Atinando o seu jogo, dando pancadinhas na própria perna e fechando os olhos num tu-cá-tu-lá com os próprios botões, Coco serenou, refundou a paciência nos pontos importantes, deixou de se precipitar. E quando Sabalenka, em troca, ousou inventar, tentando um amorti numa troca crucial, a norte-americana devolveu-lhe o roubo de serviço, também a gentileza de estender uma mini-ditadura na final - ganhou 12 pontos seguidos. Pouco demorou a igualar o parcial, maltratando a esquerda da tenista mais vocal, gritante em cada pancada. 

Adam Pretty

No seu recato silencioso, a austera Gauff fez o difícil, apanhou a rival por entre a ventania e os seus conspirativos sopros que muito afetavam as jogadoras em cada serviço. Feito o mais complicado, Coco murchou, regressando aos erros perante a agressividade de Sabalenka, de novo quebradora do golpe da adversária, mas também ela hesitante: no jogo para fechar o primeiro set, deixou um par de duplas faltas, barafustou para a gravidade. Por certo aí, aos trambolhões na montanha-russa, não se divertia, soltando gritos de frustração até em pontos que ganhava.

Ruía Aryna diante Roland-Garros, nervosa e ansiosa, a encher-se de decisões precipitadas quando servia, falhando bolas infantis, tendo nos pés árvores coladas ao chão. A número 1 do ranking parecia prestes a vir por ali abaixo na compostura e Coco Gauff durante muita desse periclitante estado da adversária limitou-se a resistir, ir devolvendo bolas, enervando-a na persistência. Demorou a repor a igualdade a cinco jogos, rápida foi a quebrar depois a americana, de novo teve uma oportunidade na raquete para a final se aconchegar de vez às quebras de serviço. Só no tie-break se resolveria.

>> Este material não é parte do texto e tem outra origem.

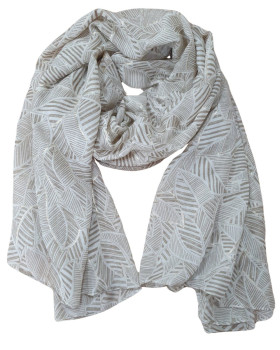 Foulard femme feuilles rayées et dorures-Beige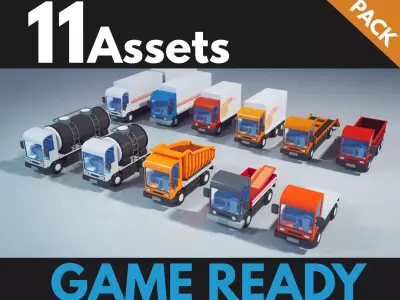 Trucks package 01 Low-poly 3D model
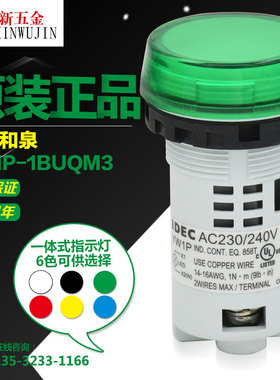 正品和泉按钮指示灯 YW1P-1BUQM3 22mm一体式信号灯 240V LED光源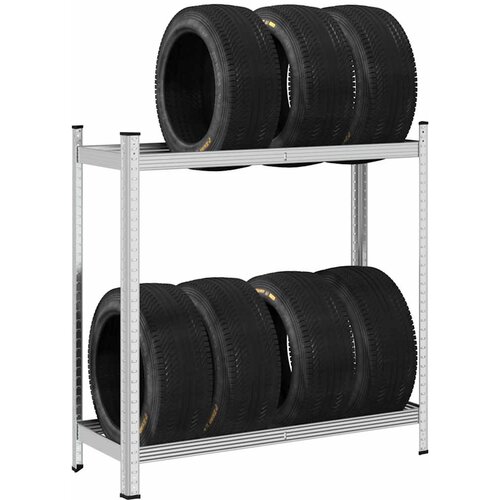 vidaXL Dvoplastna polica za pnevmatike Silver 110x40x109 cm Steel Cene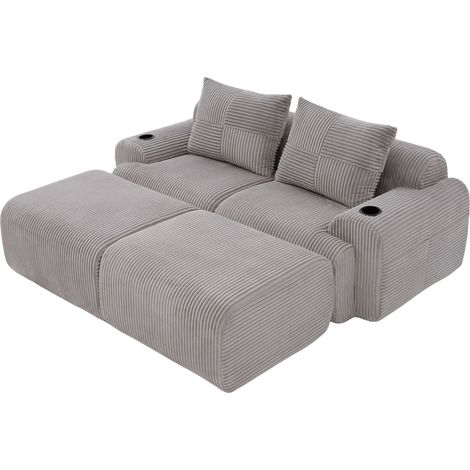 Sofá modular de 2 plazas de pana con 2 pufs, portavasos y bolsillo lateral, gris claro, MODENUIT (1/5)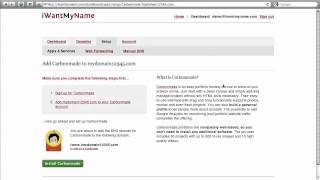 How To Add Carbonmade To Your Domain At iWantMyName [upl. by Ugo]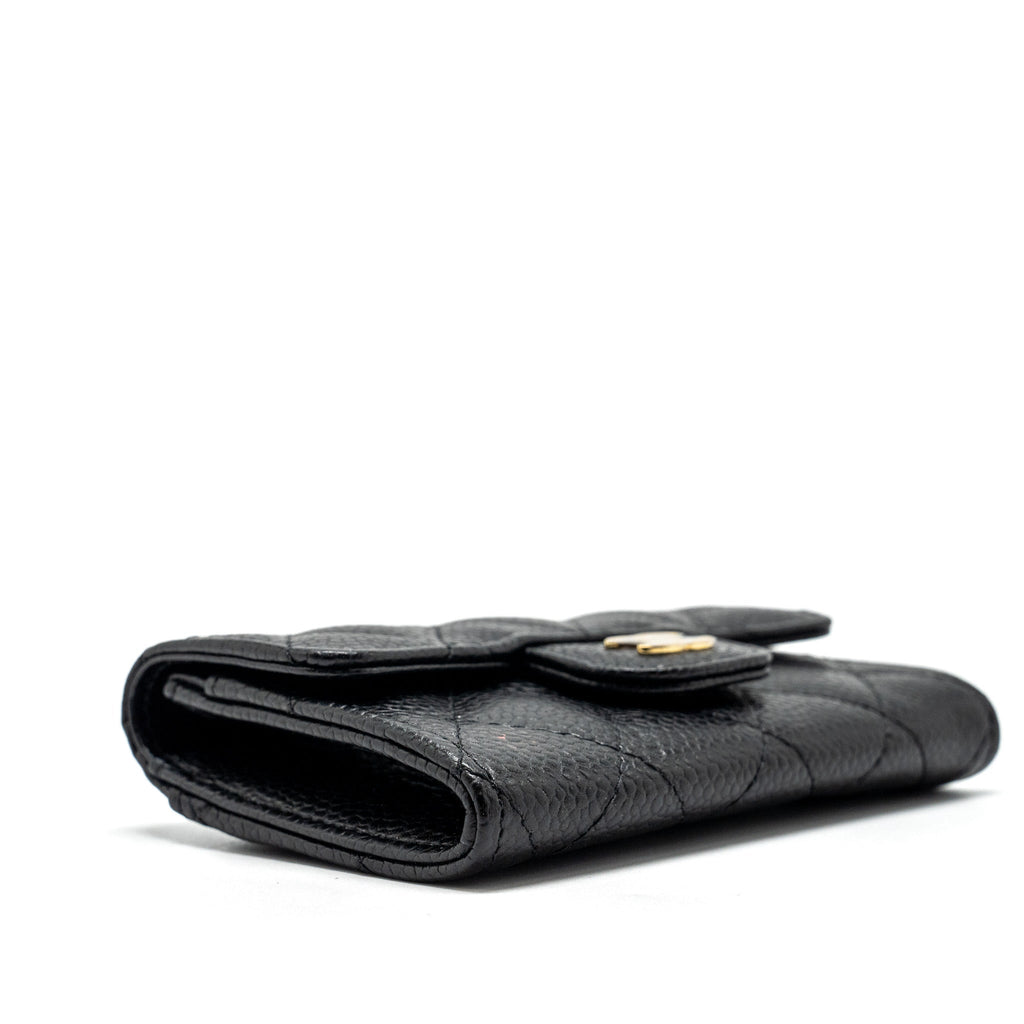 CHANEL CLASSIC FLAP CARD HOLDER CAVIAR BLACK GHW (MICROCHIP)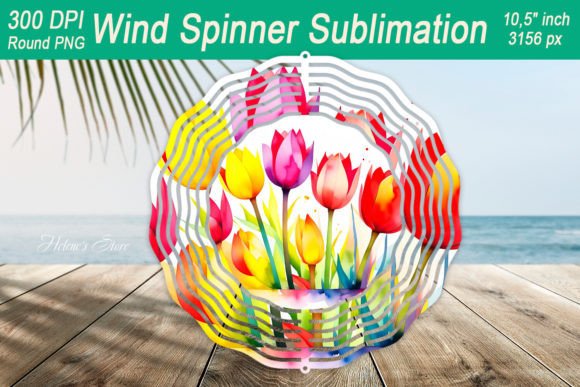 Spring Tulip Wind Spinner Graphics for Crafts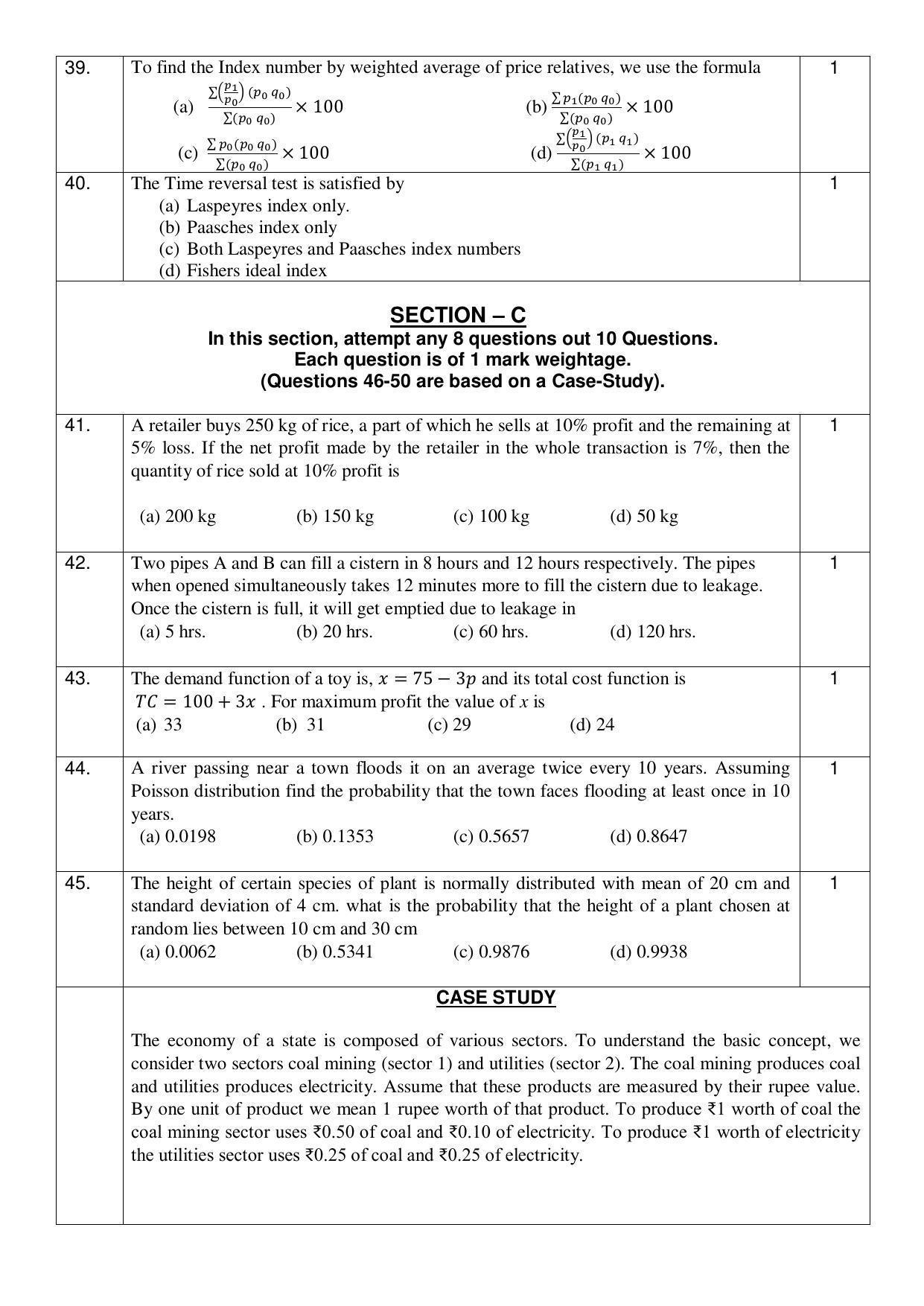 CBSE Class 12th Applied Mathematics Sample Question Paper 2021-22 - Page 5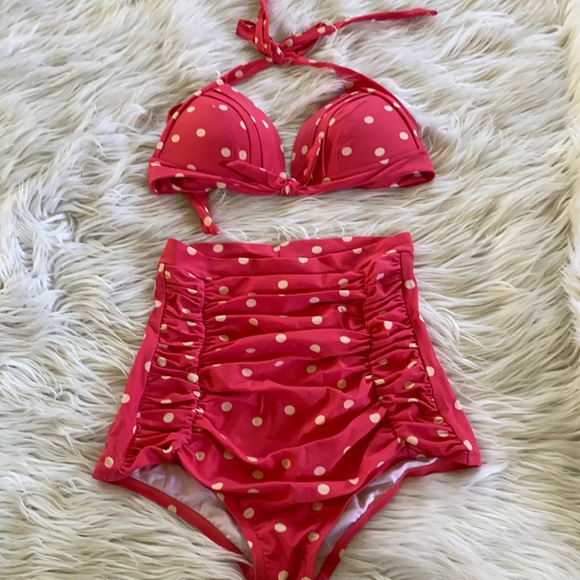 Unique Vintage polkadot Monroe pink bathing suit - Picture 2 of 4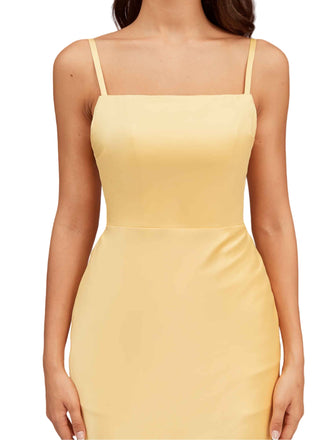 Sexy Simple Spaghetti Straps Beauty Soft Satin Bridesmaid Dresses Online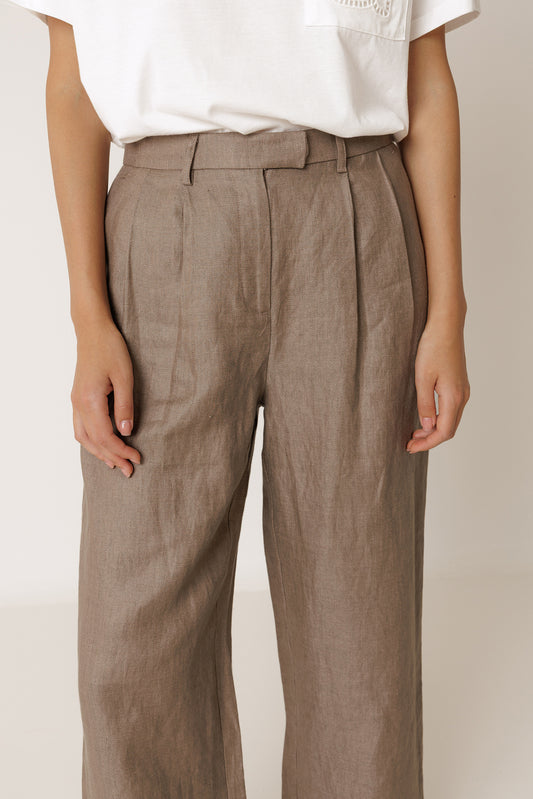 PLEATED LINEN PANT 5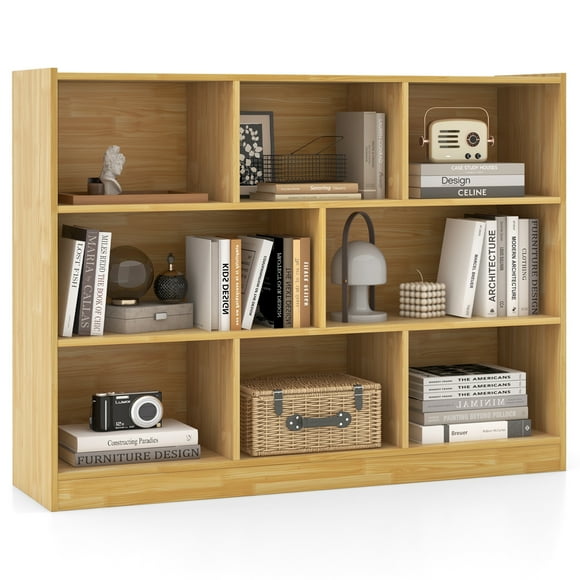 Costway Open 3-tier Gray Wooden Bookcase Storage Display Cabinet for Living Room, Oak Yellow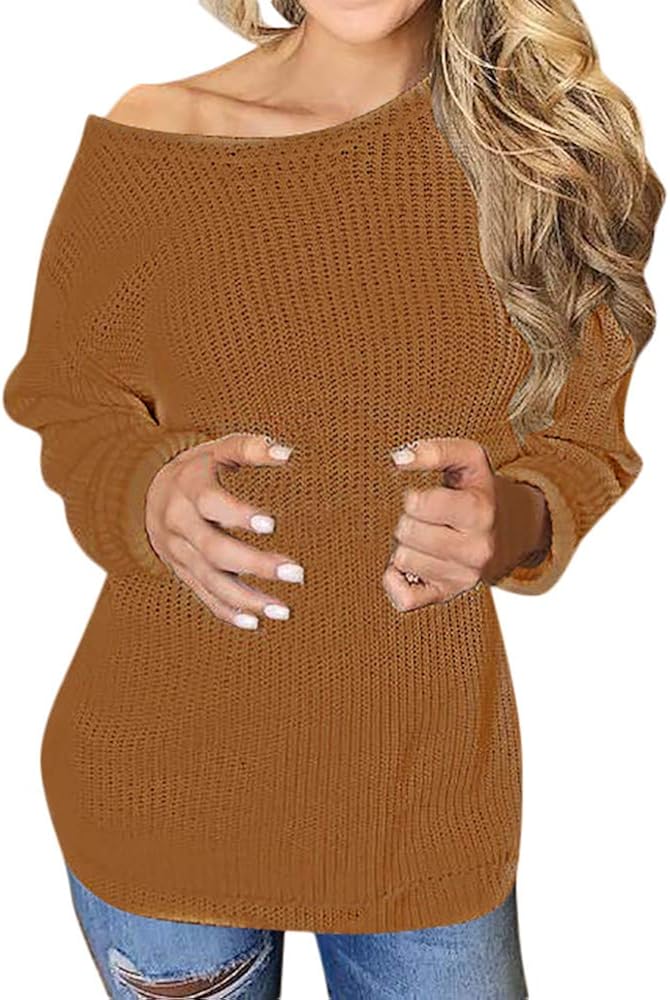 Pull Femme Oversize Hiver - Sweat Col Rond Manches Longues, Coupe Loose, Chaud Et Décontracté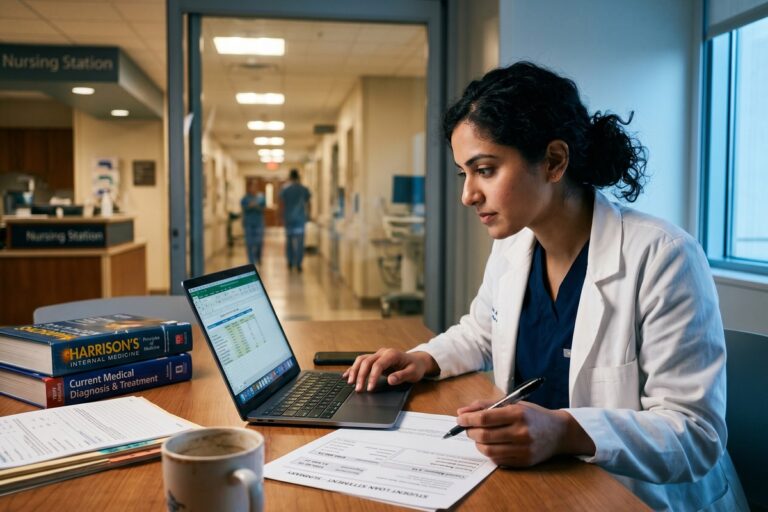Doctor in white coat reviewing student loan refinancing options during medical residency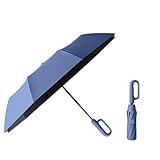 Regenschirm groß, 10 Rippen,Sturmfest –Automatisches Öffnen/Schließen, Golf Umbrella, Freien UV Schutz Faltender Sonnenschirm Taschenschirm UPF 50, Karabinergriff für Herren und Damen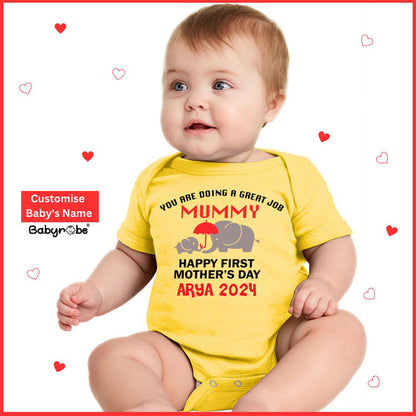 
"Personalized onesie for baby, perfect for Mother's Day."
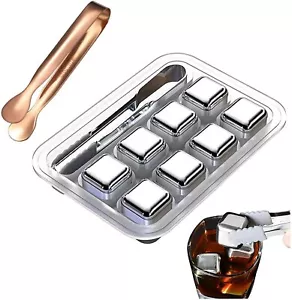 Reusable Whiskey Stones Gift Set 8 Stainless Steel Ice Cubes with 2 Tongs Gift - Picture 1 of 10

Acentuando o contraste sobre o pó de tijolo, saiu triunfante (7-6) a exuberante das tenistas, num ponto a duvidar das leis do universo ipirangas gritados para o céu e no outro a fazer uma arriscada esquerda-martelo bater sobre a linha na resposta a um serviço. Do oito ao oitocentos ia Sabalenka perante a impávida Gauff, uma parede calada a devolver bolas, constante na irritação que isso provoca a quem esteja do lado oposto da rede. Pouquíssimo as separava. Podia finalmente a bielorrussa ter fôlego, dar-se a algumas respirações fundas. Estava a ganhar, tinha uma base na qual assentar a compostura, a dianteira era sua e já não um qualquer prejuízo.

Julian Finney

Mas falível continuou, incapaz de domar os seus demónios da frustração. Demorou um instante até Coco ganhar os dois jogos iniciais do segundo set, fiável a lidar com as bruscas pancadas de Aryna que parecia jogar com uma fúria direcionada a ela própria. Nem se prestava a comemorar as bolas boas, eram só mais um pretexto para um gesto de desânimo, um esgar de desalento, sempre alguma irritação. Cedo Gauff a voltaria a roubar o serviço, nem precisava de condimentar o seu jogo com risco, bastava-lhe devolver pancadas na mesma dose de intensidade que Sabalenka tratava de se desmanchar sozinha.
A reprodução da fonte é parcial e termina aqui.